You can find the whole example code on GitHub.

from algoneer.dataschema import DataSchema, AttributeSchema as AS

# we define the data schema for the bike dataset, which helps Algoneer to automatically
# run tests on the dataset and any models derived from it

class BikeSchema(DataSchema):

    # these are the regressands, which have the "x" role
    instant = AS(type=AS.Type.Integer, roles=["x"])
    season = AS(type=AS.Type.Categorical, roles=["x"])
    yr = AS(type=AS.Type.Integer, roles=["x"])
    mnth = AS(type=AS.Type.Integer, roles=["x"])
    holiday = AS(type=AS.Type.Boolean, roles=["x"])
    weekday = AS(type=AS.Type.Integer, roles=["x"])
    workingday = AS(type=AS.Type.Boolean, roles=["x"])
    weathersit = AS(type=AS.Type.Categorical, roles=["x"])
    temp = AS(type=AS.Type.Numerical, roles=["x"])
    atemp = AS(type=AS.Type.Numerical, roles=["x"])
    hum = AS(type=AS.Type.Numerical, roles=["x"])
    windspeed = AS(type=AS.Type.Numerical, roles=["x"])

    # this is the regressor, which has the "y" role
    cnt = AS(type=AS.Type.Integer, roles=["y"])

from algoneer_datasets.bike_sharing import path
from algoneer.dataset.pandas import PandasDataset

# we read the CSV data into a pandas dataframe
import pandas as pd
df = pd.read_csv(path+'/data.csv.gz')

# we wrap the dataframe with an Algoneer dataset using the bike schema
ds = PandasDataset(BikeSchema(), df)

This creates a PandasDataSet that contains the bike sharing data. This dataset is just a thin wrapper around a pandas dataframe and adds functionality that is helpful when using the dataset for testing. Notably, it includes a DataSchema that contains information about all attributes in the dataset.

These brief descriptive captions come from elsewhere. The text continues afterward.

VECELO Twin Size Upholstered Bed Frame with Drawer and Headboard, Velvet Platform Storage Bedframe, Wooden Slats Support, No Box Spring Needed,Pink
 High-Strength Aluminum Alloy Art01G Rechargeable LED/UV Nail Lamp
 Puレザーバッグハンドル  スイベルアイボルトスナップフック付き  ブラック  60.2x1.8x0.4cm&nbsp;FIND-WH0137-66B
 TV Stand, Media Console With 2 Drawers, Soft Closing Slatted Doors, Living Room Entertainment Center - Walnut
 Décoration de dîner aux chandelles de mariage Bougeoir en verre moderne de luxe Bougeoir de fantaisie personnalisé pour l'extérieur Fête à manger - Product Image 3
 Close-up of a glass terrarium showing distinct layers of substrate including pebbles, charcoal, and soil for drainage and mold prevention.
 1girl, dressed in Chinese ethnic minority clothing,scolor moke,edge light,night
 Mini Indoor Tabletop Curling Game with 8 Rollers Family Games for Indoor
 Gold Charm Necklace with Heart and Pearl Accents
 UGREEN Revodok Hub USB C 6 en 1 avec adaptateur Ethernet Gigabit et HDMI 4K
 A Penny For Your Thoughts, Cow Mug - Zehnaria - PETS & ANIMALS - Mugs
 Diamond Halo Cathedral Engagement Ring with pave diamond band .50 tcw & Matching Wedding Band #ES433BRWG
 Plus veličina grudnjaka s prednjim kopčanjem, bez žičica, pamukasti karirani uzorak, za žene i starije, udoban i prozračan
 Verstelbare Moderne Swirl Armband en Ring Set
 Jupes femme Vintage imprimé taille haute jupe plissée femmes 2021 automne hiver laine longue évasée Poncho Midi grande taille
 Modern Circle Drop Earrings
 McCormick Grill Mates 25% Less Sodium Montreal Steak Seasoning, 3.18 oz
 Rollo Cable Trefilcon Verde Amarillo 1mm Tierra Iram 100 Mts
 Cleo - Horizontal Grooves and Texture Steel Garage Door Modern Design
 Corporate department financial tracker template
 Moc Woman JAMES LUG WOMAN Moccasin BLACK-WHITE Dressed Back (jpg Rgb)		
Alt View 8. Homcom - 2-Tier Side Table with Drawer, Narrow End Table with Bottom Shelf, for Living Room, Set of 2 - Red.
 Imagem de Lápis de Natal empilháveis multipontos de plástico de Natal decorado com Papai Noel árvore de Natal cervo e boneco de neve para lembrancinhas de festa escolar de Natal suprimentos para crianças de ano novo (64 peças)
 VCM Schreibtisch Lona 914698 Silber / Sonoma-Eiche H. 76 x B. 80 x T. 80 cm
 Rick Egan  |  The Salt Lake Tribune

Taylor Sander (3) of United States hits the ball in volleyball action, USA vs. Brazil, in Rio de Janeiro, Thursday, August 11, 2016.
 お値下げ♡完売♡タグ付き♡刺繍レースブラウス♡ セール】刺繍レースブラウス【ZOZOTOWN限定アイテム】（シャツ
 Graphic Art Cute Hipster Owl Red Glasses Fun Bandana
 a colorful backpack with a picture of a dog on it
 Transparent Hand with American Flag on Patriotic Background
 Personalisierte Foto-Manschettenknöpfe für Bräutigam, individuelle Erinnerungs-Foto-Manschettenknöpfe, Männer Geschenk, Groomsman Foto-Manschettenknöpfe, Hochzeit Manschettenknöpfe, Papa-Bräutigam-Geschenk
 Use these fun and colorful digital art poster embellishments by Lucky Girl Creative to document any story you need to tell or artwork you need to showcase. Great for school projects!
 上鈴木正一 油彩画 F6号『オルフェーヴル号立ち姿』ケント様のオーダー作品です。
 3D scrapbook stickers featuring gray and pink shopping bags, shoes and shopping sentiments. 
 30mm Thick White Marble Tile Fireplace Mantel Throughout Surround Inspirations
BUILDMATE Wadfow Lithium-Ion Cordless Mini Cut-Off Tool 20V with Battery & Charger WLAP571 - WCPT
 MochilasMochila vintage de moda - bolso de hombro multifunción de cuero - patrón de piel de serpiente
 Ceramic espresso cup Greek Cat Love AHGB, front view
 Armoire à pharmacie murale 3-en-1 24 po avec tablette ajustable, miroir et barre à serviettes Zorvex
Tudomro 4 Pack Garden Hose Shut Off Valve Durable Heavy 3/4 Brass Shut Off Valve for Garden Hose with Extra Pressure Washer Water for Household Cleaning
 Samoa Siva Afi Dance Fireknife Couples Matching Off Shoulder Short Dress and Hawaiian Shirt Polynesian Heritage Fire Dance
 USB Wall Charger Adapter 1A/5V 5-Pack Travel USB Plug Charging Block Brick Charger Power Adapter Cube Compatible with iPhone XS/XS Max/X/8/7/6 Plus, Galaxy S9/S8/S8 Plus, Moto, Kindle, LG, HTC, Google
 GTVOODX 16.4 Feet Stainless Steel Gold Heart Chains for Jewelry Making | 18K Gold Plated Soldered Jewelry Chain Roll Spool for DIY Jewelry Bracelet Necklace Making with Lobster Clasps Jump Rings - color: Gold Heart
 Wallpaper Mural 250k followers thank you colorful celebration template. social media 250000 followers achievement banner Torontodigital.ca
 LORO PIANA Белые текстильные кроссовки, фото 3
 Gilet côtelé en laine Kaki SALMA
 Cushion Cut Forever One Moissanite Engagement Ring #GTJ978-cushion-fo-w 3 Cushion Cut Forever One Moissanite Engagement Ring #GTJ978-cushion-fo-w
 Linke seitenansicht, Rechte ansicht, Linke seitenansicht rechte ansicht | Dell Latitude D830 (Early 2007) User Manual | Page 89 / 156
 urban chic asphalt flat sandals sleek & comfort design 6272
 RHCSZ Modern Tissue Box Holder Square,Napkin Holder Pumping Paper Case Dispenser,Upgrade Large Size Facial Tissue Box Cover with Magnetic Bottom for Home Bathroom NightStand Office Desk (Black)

Now, to test a machine learning model with Algoneer we first need to train one. To do this, we can again import a model from the example datasets library:

from sklearn.ensemble import RandomForestRegressor
from algoneer.algorithm.sklearn import SklearnAlgorithm

# we wrap the random forest classifier using the SklearnAlgorithm class
algo = SklearnAlgorithm(RandomForestRegressor, n_estimators=100)

# we produce a model by training the algorithm with a dataset
model = algo.fit(ds)

Again, the Algorithm class is just a thin wrapper around existing algorithms, in this case a scikit-learn random forest regressor.

Now that we have trained our model, we can run a simple black box test on it:

from algoneer.methods.blackbox.shap import SHAP

shap = SHAP()

This so-called partial dependence plot is a simple test that quantifies the average effect that a given attribute has on the prediction of a machine learning model. You can read more about the test here.

Let’s run it on our model:

result = shap.run(model, ds, max_datapoints=100)

Here, max_datapoints specifies the number of datapoints that we use to average the effect of the attribute.